Remote Administration ( Servers Only )
8Signs Firewall for Servers allows access to an entire network or single installation of the Firewall from the Firewall Server or remote locations. This feature gives administrators incomparable freedom and ensures the highest level of security through password protection.
SYN Flood Protection
A SYN flood is large number of valid-looking connection attempts that can overwhelm a server and prevent it from being able to accept connections from legitimate users. 8Signs Firewall recognizes when a SYN flood occurs and prevents it from interrupting normal server operation. When the SYN flood is detected, a log message is generated and "SYN cookies" are used so that valid connections can be made and SYN flood connection attempts are ignored. Once the SYN flood ends, SYN cookies are no longer used. Address/Port/MAC Groups
Simplify your ruleset and tighten security by using the port, IP and MAC address groups when creating rules in 8Signs Firewall. Using groups, you can create one rule that can apply to multiple ports, IP addresses or MAC addresses.

Fine-Grained Access Control
8Signs Firewall gives the administrator unparalleled control over the traffic passing through the firewall. All traffic is blocked by the firewall, unless you have specifically configured a rule to allow it. Rules are configured per-device, and you have full control over the local and remote IP address(es), local and remote port(s), protocol, and direction of the traffic that you will allow through the firewall.

Separate Rulesets for Each Network Adapter
8Signs Firewall allows you to maintain a separate set of rules to be applied to each network adapter in your system. Thus you can configure a set of rules to be applied to traffic passing over your external/Internet interface, while having a separate set of rules that apply to traffic through your internal/LAN interface.

Connections Viewer
The Connections Viewer is a real-time display showing all active connections going through the firewall. For example, with 8Signs Firewall installed on a web server a quick glance at the Connections Viewer would show the administrator how many visitors are currently at their web site.

Easy Importing/Exporting of Rules Deploying 8Signs Firewall across a number of workstations or servers is simplified by your ability to Export and Import rules. These rule subsets can even be shared amongst 8Signs Firewalls running on different operating systems.

Full-Time Security
In addition to securing your computer while running, 8Signs Firewall is also protecting your system during the boot process. 8Signs Firewall can also be configured to block all traffic to and from your computer when the firewall is not even running!

Comprehensive Logging
8Signs Firewall has full logging capabilities. You have complete control over what to log, how large the log file can become, where to store the logs, and how often to begin a new log file.

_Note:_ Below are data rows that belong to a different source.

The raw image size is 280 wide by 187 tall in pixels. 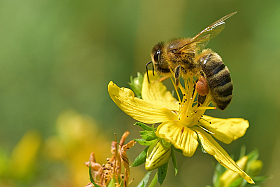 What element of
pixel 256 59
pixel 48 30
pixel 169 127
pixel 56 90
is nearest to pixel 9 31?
pixel 48 30

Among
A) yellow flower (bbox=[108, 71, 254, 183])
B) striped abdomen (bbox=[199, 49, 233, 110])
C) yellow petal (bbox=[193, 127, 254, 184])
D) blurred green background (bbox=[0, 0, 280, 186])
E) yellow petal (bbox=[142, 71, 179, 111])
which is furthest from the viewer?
blurred green background (bbox=[0, 0, 280, 186])

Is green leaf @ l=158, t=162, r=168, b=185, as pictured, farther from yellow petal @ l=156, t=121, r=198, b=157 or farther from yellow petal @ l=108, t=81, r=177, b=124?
yellow petal @ l=108, t=81, r=177, b=124

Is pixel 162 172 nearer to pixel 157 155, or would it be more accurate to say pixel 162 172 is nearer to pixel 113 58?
pixel 157 155

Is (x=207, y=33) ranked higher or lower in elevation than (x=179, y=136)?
higher

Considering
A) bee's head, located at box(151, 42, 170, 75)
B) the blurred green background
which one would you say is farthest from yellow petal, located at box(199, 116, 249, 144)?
the blurred green background

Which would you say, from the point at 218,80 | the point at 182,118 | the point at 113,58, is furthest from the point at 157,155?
the point at 113,58

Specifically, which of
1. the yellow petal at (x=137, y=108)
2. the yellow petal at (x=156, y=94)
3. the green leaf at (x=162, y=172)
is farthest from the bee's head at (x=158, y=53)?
the green leaf at (x=162, y=172) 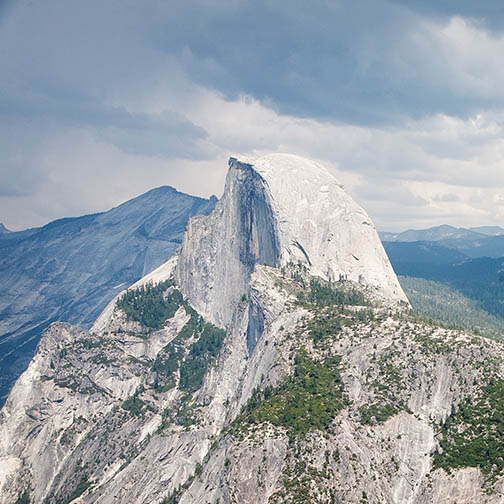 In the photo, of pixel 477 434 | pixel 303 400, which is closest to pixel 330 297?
pixel 303 400

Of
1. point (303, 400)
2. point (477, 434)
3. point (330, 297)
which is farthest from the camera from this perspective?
point (330, 297)

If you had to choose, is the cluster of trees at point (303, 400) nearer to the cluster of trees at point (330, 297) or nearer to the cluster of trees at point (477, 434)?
the cluster of trees at point (477, 434)

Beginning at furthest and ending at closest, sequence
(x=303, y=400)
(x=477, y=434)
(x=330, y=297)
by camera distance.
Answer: (x=330, y=297), (x=303, y=400), (x=477, y=434)

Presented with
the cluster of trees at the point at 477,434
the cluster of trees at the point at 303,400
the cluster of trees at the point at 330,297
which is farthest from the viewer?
the cluster of trees at the point at 330,297

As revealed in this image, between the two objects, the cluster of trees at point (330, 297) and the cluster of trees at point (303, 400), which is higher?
the cluster of trees at point (330, 297)

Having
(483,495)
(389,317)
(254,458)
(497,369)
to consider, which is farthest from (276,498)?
(389,317)

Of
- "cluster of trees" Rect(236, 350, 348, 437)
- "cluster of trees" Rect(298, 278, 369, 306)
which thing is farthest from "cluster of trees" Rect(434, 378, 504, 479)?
"cluster of trees" Rect(298, 278, 369, 306)

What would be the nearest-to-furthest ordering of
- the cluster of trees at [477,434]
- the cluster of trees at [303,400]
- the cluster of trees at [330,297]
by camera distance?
the cluster of trees at [477,434], the cluster of trees at [303,400], the cluster of trees at [330,297]

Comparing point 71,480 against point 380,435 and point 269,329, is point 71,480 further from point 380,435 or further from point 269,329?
point 380,435

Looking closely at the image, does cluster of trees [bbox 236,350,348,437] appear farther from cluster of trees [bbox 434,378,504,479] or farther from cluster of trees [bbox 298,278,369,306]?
cluster of trees [bbox 298,278,369,306]

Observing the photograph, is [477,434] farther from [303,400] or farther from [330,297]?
[330,297]

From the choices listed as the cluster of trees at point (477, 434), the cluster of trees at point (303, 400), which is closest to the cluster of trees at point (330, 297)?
the cluster of trees at point (303, 400) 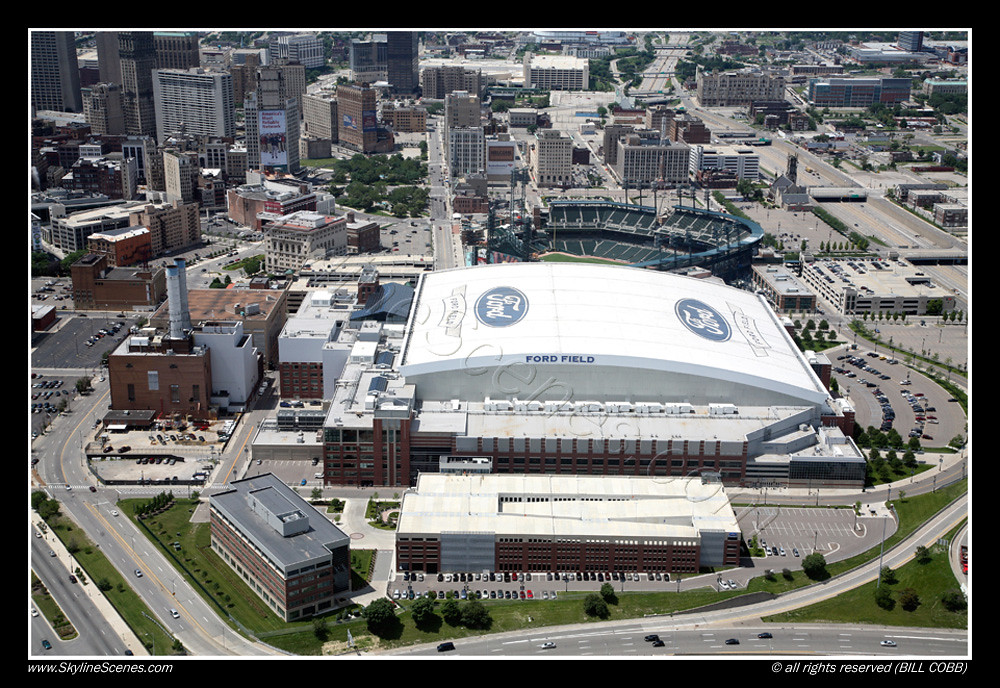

Automatic Emailing of Log File
Keeping an eye on your own or a customer's firewall is made easier with 8Signs Firewall's ability to schedule automatic emailing of the log file to any email address that you specify.

Remote Notification of Rule Hits
Rules can be configured to trigger an email to be sent to any email address that you specify if the rule is 'hit'. For example, if you want to be notified immediately if a hacker is scanning your firewall for the Back Orifice trojan, simply configure a rule that will specifically block this type of traffic and send an email to you if the rule is hit. Time-Sensitive Rules
Rules can be configured to only be active on certain days, or at certain times of the day. For example, you may want to allow web browsing only on weekdays between 9:00 am and 5:00 pm, or allow for remote access to your server only on Tuesday evenings for maintenance............this is easily accomplished using time-sensitive rules.

Password Security
8Signs Firewall can require that a user must log into the firewall before having access to any of the firewall administration or logging screens. Using password security prevents an unauthorized user from tampering with, or shutting down, the firewall.